Caching Strategies and Invalidation

Caching stores frequently used data closer to the consumer so systems can respond faster and reduce repeated load on databases or downstream services.

Objective

Understand how caching improves performance, where to place caches, and why invalidation rules matter as much as cache hits.


Why Caching Matters

Caching reduces repeated work by storing data closer to where it is needed. This can lower latency, reduce database load, and improve throughput for read-heavy systems.

Common places to cache:

Browser or CDN edge
API gateway or reverse proxy
Application memory
Distributed cache such as Redis
Database query cache or materialized view


Common Cache Patterns

Cache-Aside

The application checks the cache first. If the data is missing, it reads from the database, returns the result, and writes the value into the cache.

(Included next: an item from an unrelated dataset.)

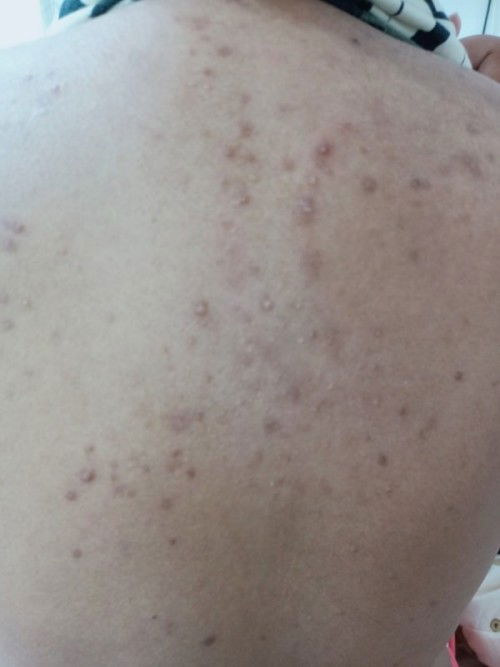 หมดสภาพ 😥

This pattern is simple and widely used, but it can produce stale reads if invalidation is not handled carefully.

Read-Through

The cache layer itself loads missing data from the backing store. This centralizes cache loading logic but often requires a managed caching layer or a more opinionated platform.

Write-Through

Writes go to the cache and the backing store together. This keeps cache and source data synchronized at write time, but increases write latency.

Write-Behind

The cache accepts the write first and persists later. This improves write performance but introduces durability and consistency risk if the cache fails before persistence completes.


Invalidation Strategies

Invalidation is often harder than storing data.

Common approaches:

Time-based expiration using TTL
Explicit invalidation on write
Versioned cache keys
Event-driven invalidation from domain events

A short TTL is easy to implement, but it trades freshness for simplicity. Explicit invalidation is more accurate, but it requires discipline and strong ownership of data flows.


Design Tradeoffs

Questions to ask before adding a cache:

Is the bottleneck read latency, throughput, or database cost?
Can the business tolerate stale data?
What happens on a cache miss or cache outage?
Is the cache warming strategy acceptable at startup or deploy time?

If the answer to stale data tolerance is no, caching may need to be limited to derived or non-critical views.


Practical Rule

Do not add a cache just because a query is slow once. First identify the hot path, the acceptable staleness window, and the invalidation owner.